Here’s an honest, squishy, deep-in-the-guts postmortem of my first NaNoWriMo experience:
1. Have a plan. And give yourself enough time to make said plan.
The last time I attempted to write a novel without an outline, I produced a crazy, meandering stinker of a turd, most of which got flushed and rewritten. Since that fiasco, I’ve become a plotter, and after stumbling around like a drunken zombie trying various plotting methods, the Snowflake Method was a lifesaver. (Note, I don’t use the software, I simply outline according to the instructions on the aforementioned link). That having been said, where’d I flunk? Well, I didn’t do this far enough in advance, and had some gaping holes in my outline, causing me to hit the proverbial wall several times, and I wasn’t as productive as I could have been. Boo, hiss.
2. Stop being a perfectionist. Just. Stop.
Yes, you have your outline, but don’t overthink every last detail as you write. And don’t edit as your write. Just write. Let the words flow. You can edit later, that’s what revision is for. And try to nix dreadful perfectionism from every aspect of your life, at least during NaNoWriMo. Let your house be dirty. Let the dishes pile up in the sink. Order takeout. This is your time, baby. I am absolutely guilty of perfectionism, and my house was a little too clean during NaNoWriMo. I could have fired out more words, boom-boom-boom, had I not been, um, obsessing about microscopic pieces of lint, or something. This leads me to…

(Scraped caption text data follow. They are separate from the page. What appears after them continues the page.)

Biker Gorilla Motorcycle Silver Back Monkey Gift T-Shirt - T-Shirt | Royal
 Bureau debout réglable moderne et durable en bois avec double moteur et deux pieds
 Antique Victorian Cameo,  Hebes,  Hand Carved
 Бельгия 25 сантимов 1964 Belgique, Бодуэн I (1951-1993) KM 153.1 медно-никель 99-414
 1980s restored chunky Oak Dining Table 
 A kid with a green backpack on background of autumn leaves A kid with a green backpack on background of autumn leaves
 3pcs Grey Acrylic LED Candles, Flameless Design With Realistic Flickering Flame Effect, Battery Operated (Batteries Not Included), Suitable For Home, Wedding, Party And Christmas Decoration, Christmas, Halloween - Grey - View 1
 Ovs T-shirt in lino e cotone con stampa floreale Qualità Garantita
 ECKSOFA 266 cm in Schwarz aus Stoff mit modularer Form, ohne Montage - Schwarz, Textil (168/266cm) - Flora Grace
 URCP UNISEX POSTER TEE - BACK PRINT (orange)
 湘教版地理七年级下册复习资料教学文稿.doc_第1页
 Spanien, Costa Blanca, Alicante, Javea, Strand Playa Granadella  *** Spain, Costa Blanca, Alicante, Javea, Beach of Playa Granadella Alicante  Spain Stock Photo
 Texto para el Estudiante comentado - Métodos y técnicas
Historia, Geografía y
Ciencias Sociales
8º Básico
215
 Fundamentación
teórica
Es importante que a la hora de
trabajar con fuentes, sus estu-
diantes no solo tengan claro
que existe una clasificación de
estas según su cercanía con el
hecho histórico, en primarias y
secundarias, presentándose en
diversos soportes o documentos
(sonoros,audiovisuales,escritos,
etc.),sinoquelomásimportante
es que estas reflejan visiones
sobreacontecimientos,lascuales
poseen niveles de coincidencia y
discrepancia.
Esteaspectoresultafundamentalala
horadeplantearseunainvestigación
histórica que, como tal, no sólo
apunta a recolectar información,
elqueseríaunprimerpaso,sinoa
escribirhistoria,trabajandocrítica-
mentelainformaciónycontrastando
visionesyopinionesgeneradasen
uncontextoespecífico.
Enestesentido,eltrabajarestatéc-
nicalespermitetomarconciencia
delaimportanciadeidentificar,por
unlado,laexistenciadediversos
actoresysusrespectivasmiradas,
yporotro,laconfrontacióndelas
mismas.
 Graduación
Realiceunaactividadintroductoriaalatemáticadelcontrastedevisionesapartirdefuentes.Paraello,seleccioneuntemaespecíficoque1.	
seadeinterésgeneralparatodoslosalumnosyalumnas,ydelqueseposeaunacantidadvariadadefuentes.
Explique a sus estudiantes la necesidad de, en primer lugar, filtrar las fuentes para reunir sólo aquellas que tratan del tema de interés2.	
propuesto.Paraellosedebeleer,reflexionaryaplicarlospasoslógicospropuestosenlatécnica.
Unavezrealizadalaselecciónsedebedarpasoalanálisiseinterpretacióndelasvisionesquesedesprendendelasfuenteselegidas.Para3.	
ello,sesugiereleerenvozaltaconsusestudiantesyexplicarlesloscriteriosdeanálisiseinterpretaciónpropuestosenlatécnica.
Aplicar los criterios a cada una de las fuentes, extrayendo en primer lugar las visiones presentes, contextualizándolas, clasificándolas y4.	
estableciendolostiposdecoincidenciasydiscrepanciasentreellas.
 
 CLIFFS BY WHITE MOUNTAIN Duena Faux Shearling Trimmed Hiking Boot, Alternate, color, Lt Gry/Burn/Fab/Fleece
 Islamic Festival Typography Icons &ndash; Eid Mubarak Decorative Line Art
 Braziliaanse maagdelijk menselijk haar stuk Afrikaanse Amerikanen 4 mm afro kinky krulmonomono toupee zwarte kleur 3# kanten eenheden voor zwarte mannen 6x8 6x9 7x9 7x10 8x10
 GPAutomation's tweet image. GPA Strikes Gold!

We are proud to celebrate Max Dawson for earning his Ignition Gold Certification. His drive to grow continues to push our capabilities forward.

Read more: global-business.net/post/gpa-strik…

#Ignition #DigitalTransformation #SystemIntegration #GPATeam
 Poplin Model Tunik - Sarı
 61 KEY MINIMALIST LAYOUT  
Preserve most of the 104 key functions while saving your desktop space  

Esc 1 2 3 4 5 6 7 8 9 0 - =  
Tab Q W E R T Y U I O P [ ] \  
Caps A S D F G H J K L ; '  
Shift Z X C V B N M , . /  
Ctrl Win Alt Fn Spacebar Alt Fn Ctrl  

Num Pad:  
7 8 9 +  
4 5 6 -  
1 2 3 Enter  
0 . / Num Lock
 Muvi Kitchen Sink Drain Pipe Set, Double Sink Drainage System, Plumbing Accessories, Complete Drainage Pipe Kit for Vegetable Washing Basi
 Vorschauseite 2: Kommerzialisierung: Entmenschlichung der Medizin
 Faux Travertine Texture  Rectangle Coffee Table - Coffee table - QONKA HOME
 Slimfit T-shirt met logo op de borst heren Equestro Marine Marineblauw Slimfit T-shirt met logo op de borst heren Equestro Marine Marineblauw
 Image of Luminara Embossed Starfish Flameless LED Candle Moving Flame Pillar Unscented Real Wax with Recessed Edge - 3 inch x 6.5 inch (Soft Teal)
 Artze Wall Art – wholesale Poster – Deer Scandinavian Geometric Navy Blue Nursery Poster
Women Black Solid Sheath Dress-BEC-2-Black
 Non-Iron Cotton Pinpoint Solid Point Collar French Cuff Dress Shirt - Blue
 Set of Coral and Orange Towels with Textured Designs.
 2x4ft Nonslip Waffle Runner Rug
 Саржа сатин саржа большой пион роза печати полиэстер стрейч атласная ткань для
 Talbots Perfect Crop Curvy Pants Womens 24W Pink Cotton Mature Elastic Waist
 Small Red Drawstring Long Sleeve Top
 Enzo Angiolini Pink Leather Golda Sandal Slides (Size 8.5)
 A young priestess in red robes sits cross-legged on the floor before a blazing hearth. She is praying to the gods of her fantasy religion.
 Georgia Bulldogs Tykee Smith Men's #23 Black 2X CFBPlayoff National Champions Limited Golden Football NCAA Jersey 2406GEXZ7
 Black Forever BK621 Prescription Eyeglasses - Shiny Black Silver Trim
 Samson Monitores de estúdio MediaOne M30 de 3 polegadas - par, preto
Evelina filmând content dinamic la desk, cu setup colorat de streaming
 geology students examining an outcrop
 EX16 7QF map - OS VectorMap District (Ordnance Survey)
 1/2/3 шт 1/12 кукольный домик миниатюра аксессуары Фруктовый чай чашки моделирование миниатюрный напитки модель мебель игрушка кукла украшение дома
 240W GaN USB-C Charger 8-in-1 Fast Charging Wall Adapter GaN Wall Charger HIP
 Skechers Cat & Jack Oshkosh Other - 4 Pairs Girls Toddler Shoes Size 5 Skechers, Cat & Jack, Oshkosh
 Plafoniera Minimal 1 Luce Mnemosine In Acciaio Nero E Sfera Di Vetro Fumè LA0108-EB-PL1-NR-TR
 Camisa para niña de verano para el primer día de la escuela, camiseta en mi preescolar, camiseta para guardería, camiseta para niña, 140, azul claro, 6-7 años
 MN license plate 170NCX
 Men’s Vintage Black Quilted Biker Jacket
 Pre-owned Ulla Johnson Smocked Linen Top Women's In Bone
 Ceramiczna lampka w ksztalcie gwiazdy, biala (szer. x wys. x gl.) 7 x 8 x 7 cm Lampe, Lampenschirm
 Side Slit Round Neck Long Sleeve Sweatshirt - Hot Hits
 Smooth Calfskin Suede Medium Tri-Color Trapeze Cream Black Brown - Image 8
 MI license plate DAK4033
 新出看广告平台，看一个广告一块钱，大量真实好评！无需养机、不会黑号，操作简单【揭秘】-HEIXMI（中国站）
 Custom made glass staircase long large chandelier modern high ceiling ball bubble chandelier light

3. Write as much as you can, every day.
Writing every day helps you build speed and muscle memory. It gets faster and easier the more you do it, and during NaNoWriMo it’s absolutely critical. I made the mistake of skipping a day or two after particularly crazy days at work, which caused me to slide backward, not able to catch up. My daily average tends to be about 1670 words, and had I written every day, I would have easily hit 50,000. Repeat after me: during NaNoWriMo, skipping a day is a slippery slope. Now say it ten times. Now drop down and give me fifty.
4. Do it with friends.
I’m happy to say I was really good at this. Working alongside like-minded people gave me the motivation to push myself harder than ever. Plus, writing is inherently lonely, why not write with other writers? Smash your social time and work time together, like peanut butter and jelly. Delicious. You’re probably wondering if we got lost in talking. We didn’t, really. The only downside was that driving to and from write-ins ate into my writing time on occasion. Next time, I’ll plan better to avoid traffic. Where to find friends to write with? Search your local area on the NaNoWriMo message boards for write-ins, and your local library may host events all month. Or create your own write-in by finding and inviting local, like-minded Twitter folk. The possibilities are endless.
Despite the above nit-picking, I consider myself a NaNoWriMo winner, because I came further than I ever thought I would. It once took me a whole year to write 30,000 words, so doing that in 30 days, well, that took guts. Yay, me! Plus, I can use the skills I learned during NaNoWriMo all year long. Every month can be NaNoWriMo, if I want.